London, United Kingdom — Europe’s stock markets slid in opening deals on Monday as investors fretted over French political uncertainty, following snap elections in which a hung parliament appeared the likeliest outcome.
In the eurozone, the Paris CAC 40 benchmark stocks index sank 0.4 percent and Frankfurt’s DAX shed 0.1 percent, while London’s FTSE 100 index was down 0.3 percent in value.

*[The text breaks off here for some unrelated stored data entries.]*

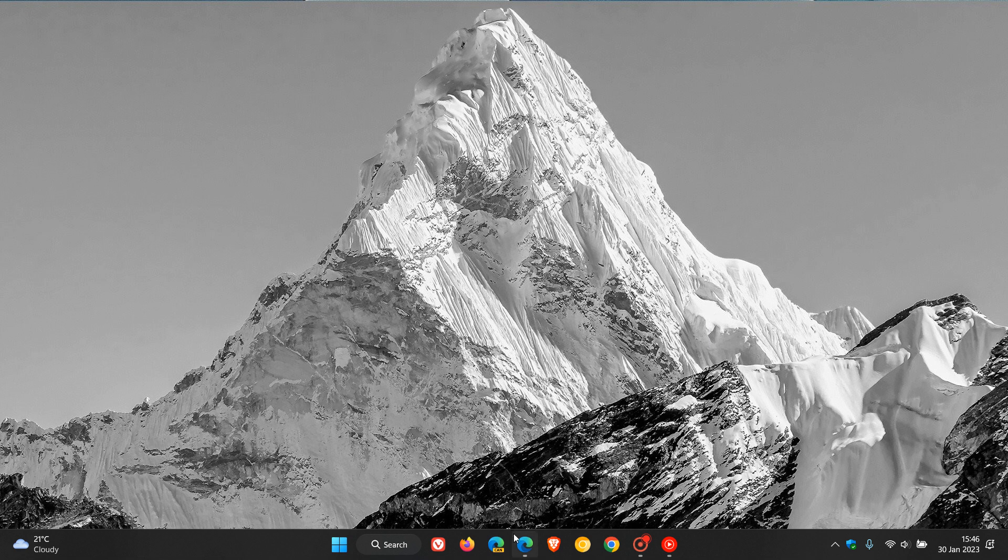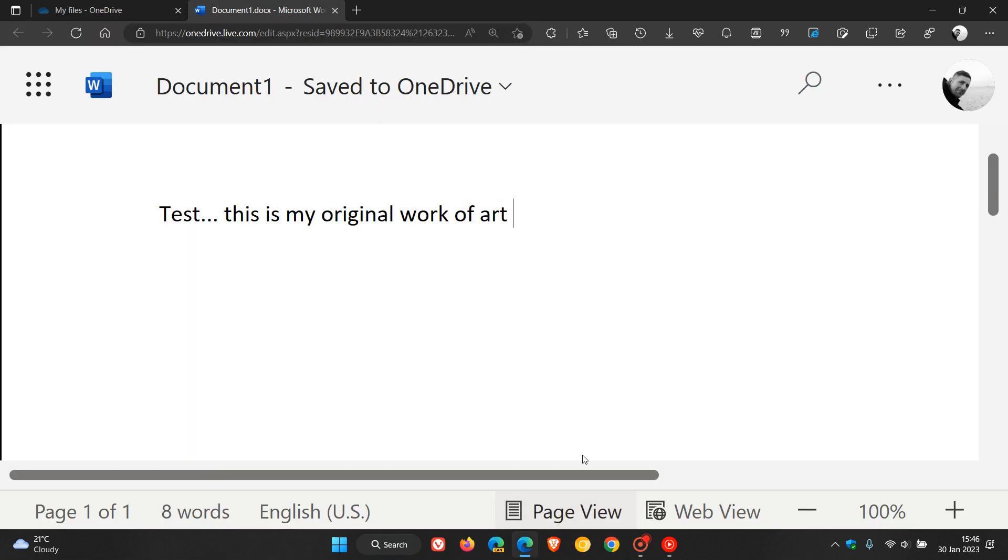Now just to demonstrate, I'm going to head over to my original work of art that I've created in Microsoft Word online. The easiest method I would suggest to insert that copyright sign would be just to use the alt key and the numeric number pad to the right of your keyboard: 0169.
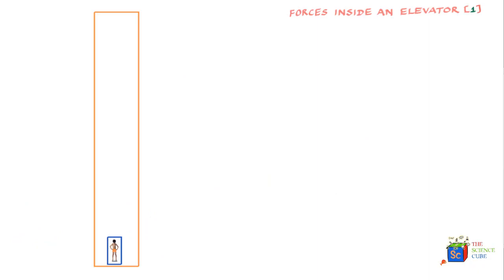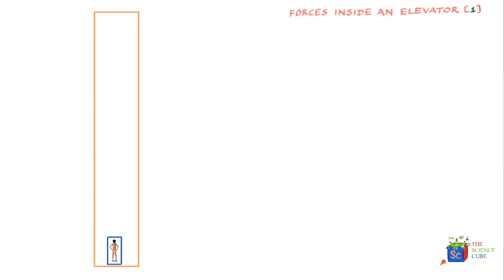In this lesson we'll find the various forces that act on your body when you're inside a moving elevator. We've split this lesson into two parts. The first part covers your upward journey, moving from the ground floor to the top floor, and the second part will cover your downward journey. Let's get started with the first part, where you step inside an elevator, you're stationary, and you put yourself on weighing scales.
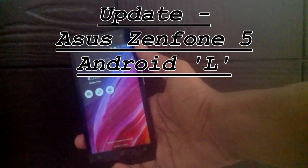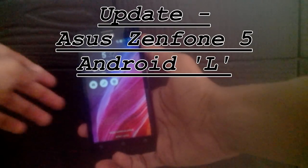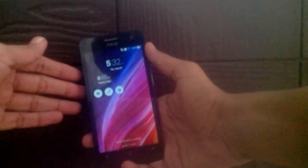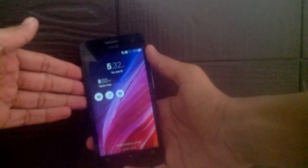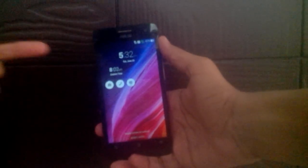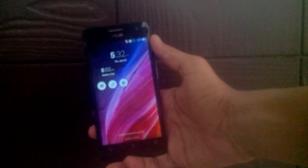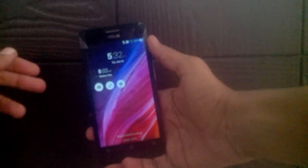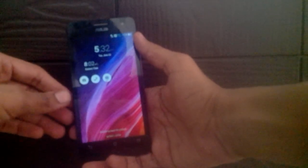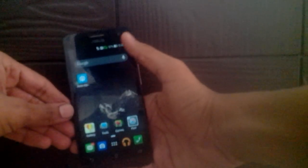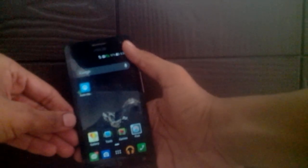Hey guys, this is Rohit here, and today I'm going to be showing you how you can update your Asus Zenfone 5 to Android Lollipop. For this, you have to make a few things very clear.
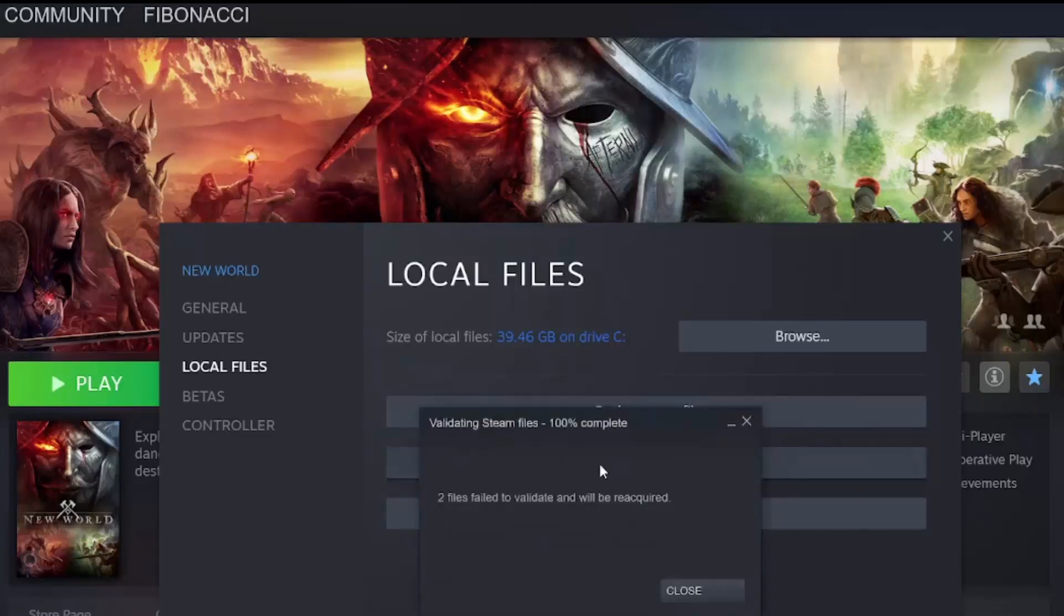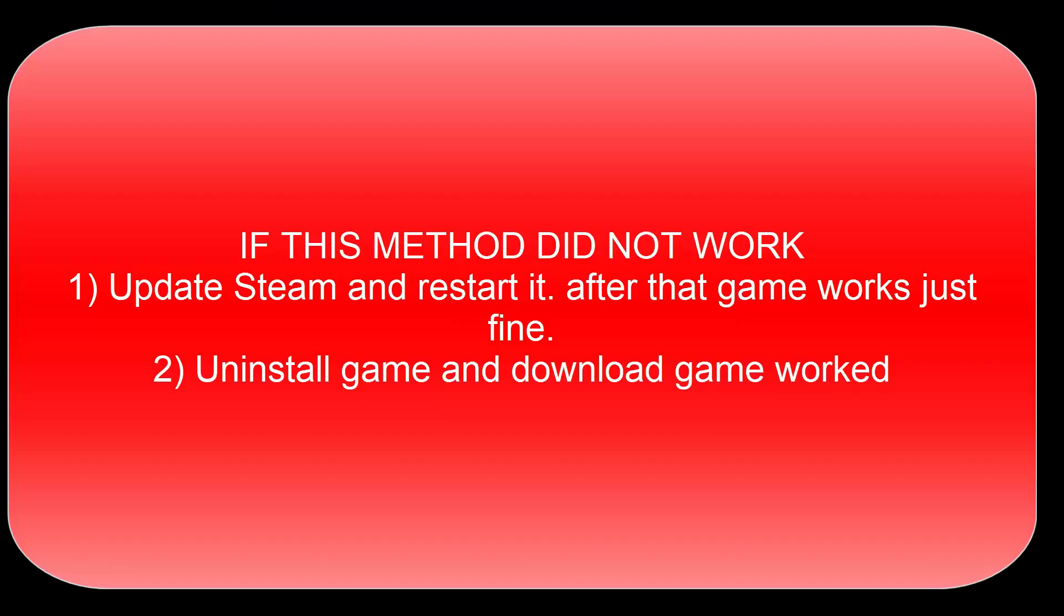If this solution didn't work, update Steam and restart it, then try the game. The last option is to uninstall the New World game and reinstall it again.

The euro meanwhile stumbled against the dollar and pound.
But after half an hour of trading the Paris CAC 40 had erased the losses and had edged into positive territory, as had Frankfurt’s DAX.
READ: Euro slips in Asian trade after snap French poll
France’s left was set to emerge as the biggest group in a new parliament, beating out a resurgent far right in a vote called by President Emmanuel Macron three years ahead of schedule.
Macron’s centrist alliance will have dozens fewer members of parliament, but held up better than expected and could end up in second.
Yet no group is expected to have won an absolute majority in the second-biggest economy in the European Union.
“Political uncertainty in France is set to remain elevated in the coming weeks until there is greater clarity over what form the next government will take,” noted MUFG economist Lee Hardman.
“With all three major parties falling well short of an absolute majority in parliament, it remains likely that the next government will struggle to implement their policy agenda.”